• [ASSIGNED TASK] Transcribe exactly, and only, the lines running from the one with "thin line icon" to the end of the entries below, both included, without any pictures.

• [RECORDS PROVIDED]
#####
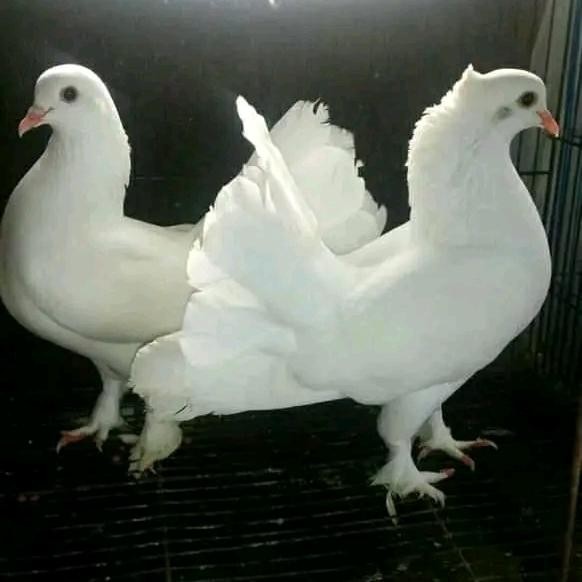 burung merpati kipas sepasang terbaru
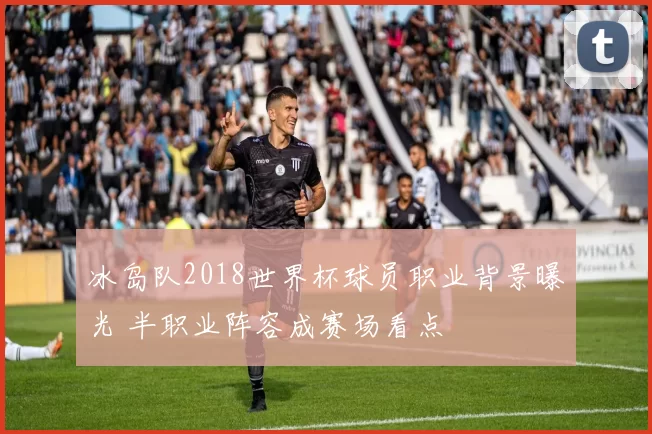 冰岛队2018世界杯球员职业背景曝光 半职业阵容成赛场看点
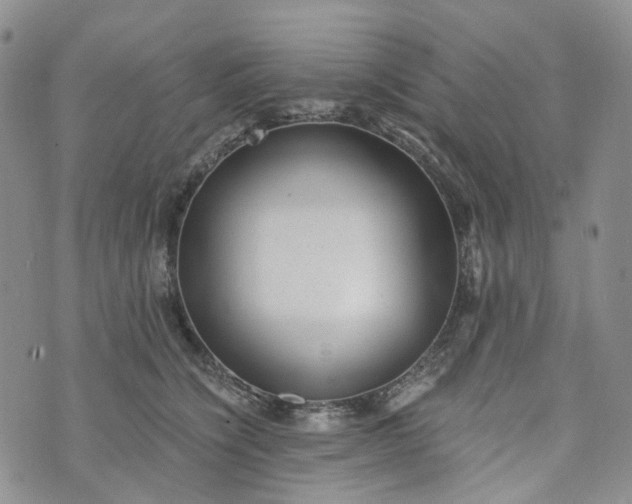 X0000072980564200608041246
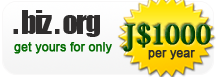 .biz,.org domains only J$1000
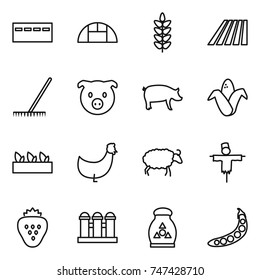 thin line icon set : bunker, greenhouse, spikelets, field, rake, pig, corn, seedling, chicken, sheep, scarecrow, strawberry, grain elevator, fertilizer, peas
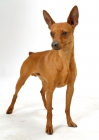 Picture of red Miniature Pinscher, Australian Champion, standing on white background
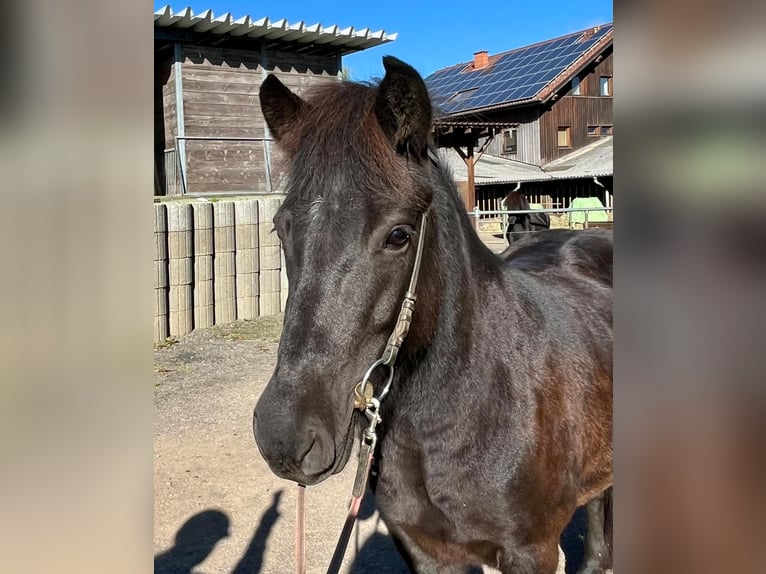 Icelandic Horse Mare 6 years 13,2 hh Black in Blieskastel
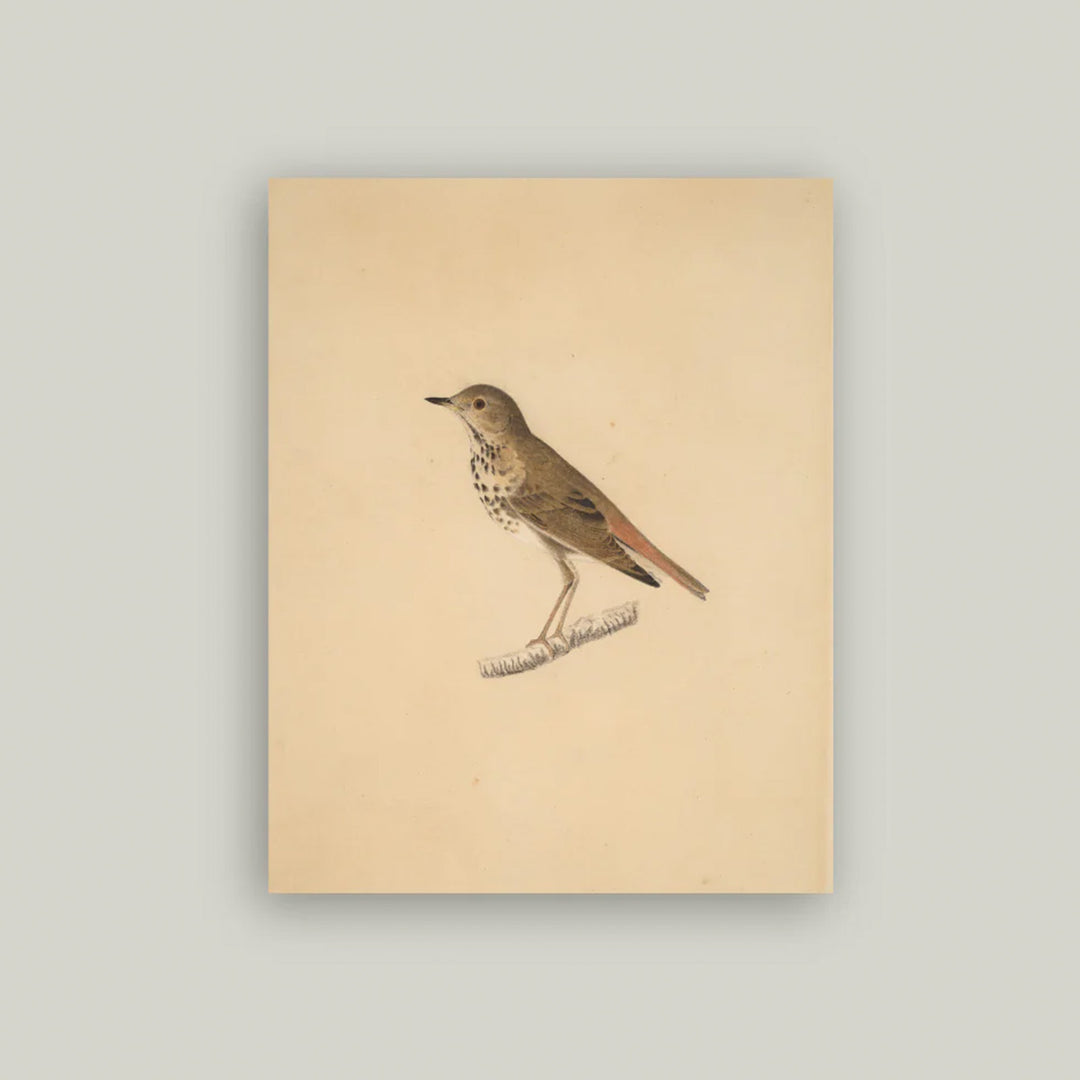 Bird Front Artist Board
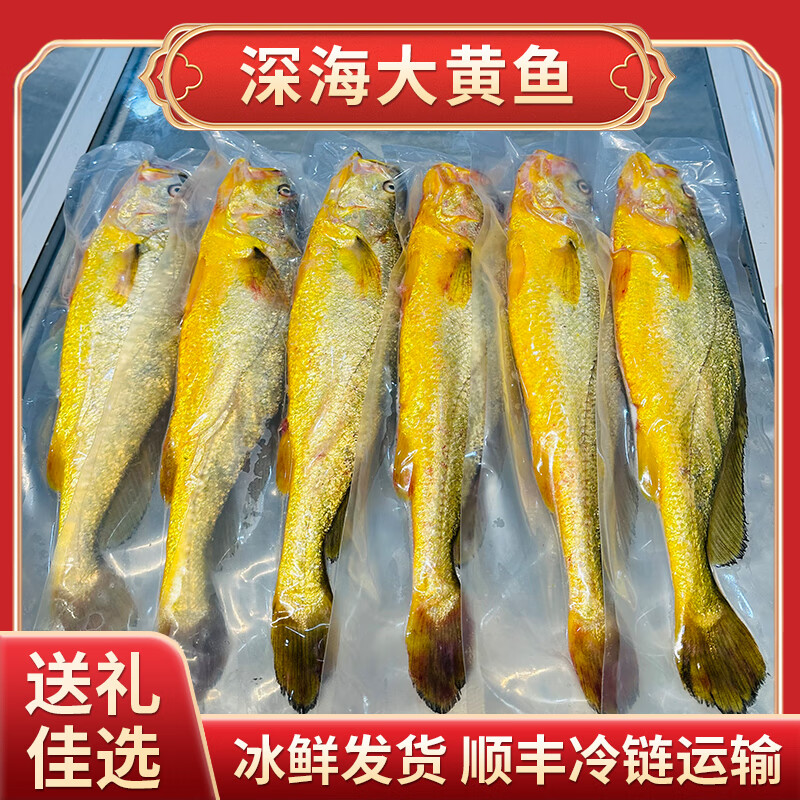 宁德深海大黄鱼半野生超大黄花鱼海鲜礼盒高端海鲜礼盒送礼整箱 1箱【6条装】每条1斤 京东折扣/优惠券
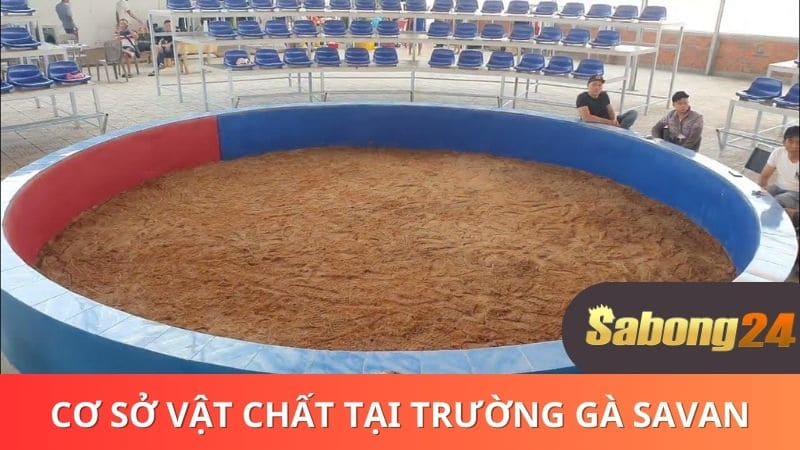 Cơ sở vật chất hiện có tại trường gà SAVAN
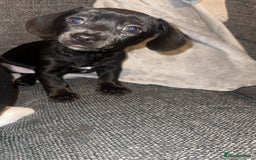 Chiweenie dogs for sale: Cheweenie - Image 1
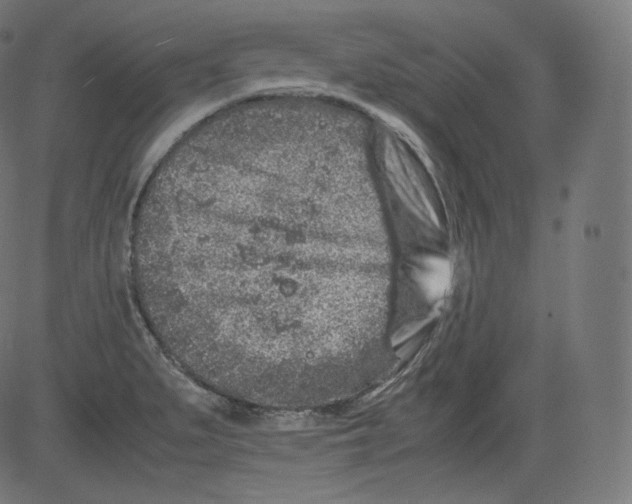 X0000081431279200702092150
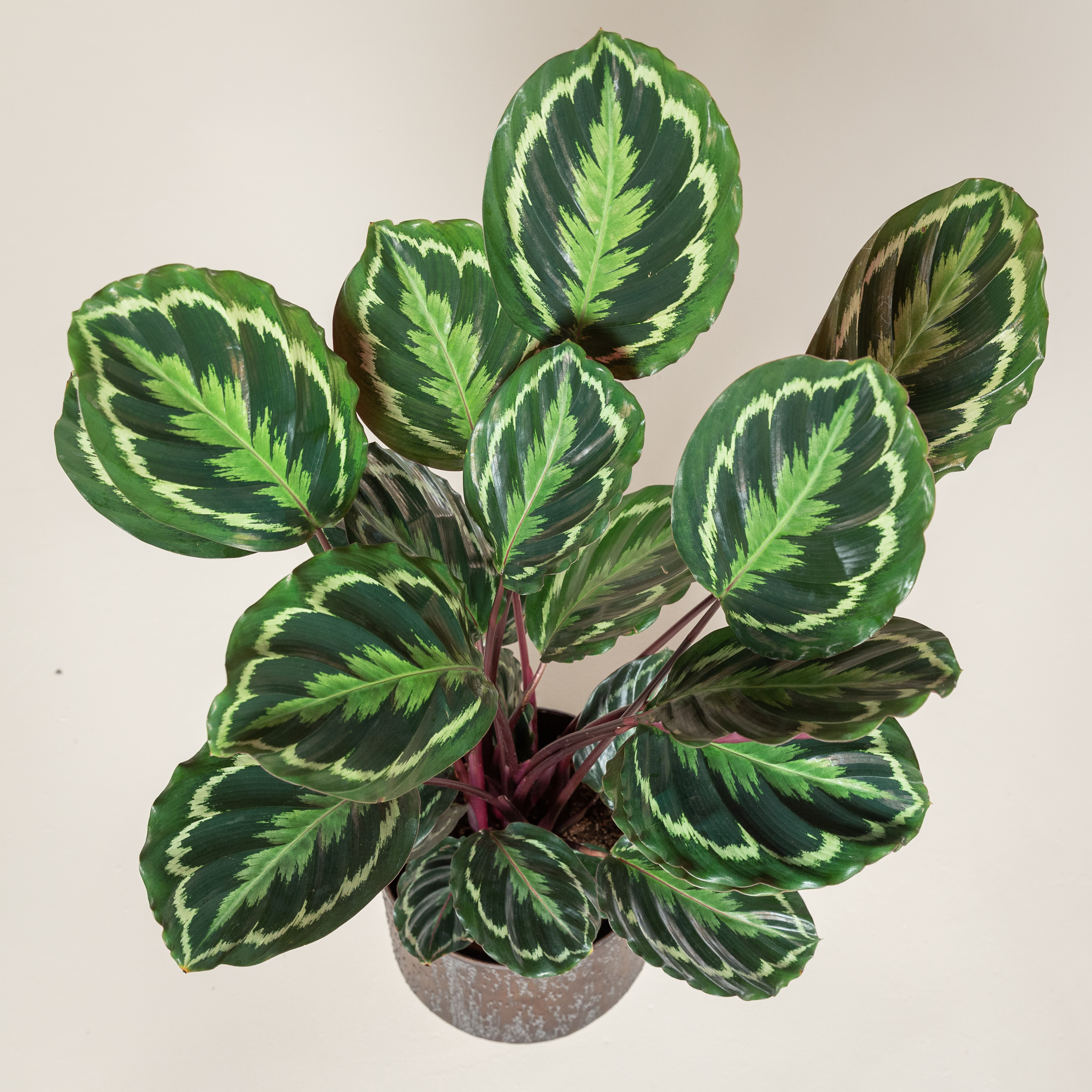 Calathea 'Medallion' - Image 2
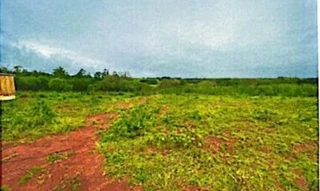 Imóvel 2649133 [''] - ['Situado nesta cidade São Luiz Gonzaga/RS. Faz frente para a Rua Maria Manoela Pinheiro Machado e para a Av. Senador Pinheiro Machado'] [''] - ['São Luiz Gonzaga']/['RS'] - 1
#####
• [ANSWER BELOW]
 thin line icon set : bunker, greenhouse, spikelets, field, rake, pig, corn, seedling, chicken, sheep, scarecrow, strawberry, grain elevator, fertilizer, peas
 Picture of red Miniature Pinscher, Australian Champion, standing on white background
 Icelandic Horse Mare 6 years 13,2 hh Black in Blieskastel
 Bird Front Artist Board
 宁德深海大黄鱼半野生超大黄花鱼海鲜礼盒高端海鲜礼盒送礼整箱 1箱【6条装】每条1斤 京东折扣/优惠券
 Cơ sở vật chất hiện có tại trường gà SAVAN
 Chiweenie dogs for sale: Cheweenie - Image 1
 X0000081431279200702092150
 Calathea 'Medallion' - Image 2
 Imóvel 2649133 [''] - ['Situado nesta cidade São Luiz Gonzaga/RS. Faz frente para a Rua Maria Manoela Pinheiro Machado e para a Av. Senador Pinheiro Machado'] [''] - ['São Luiz Gonzaga']/['RS'] - 1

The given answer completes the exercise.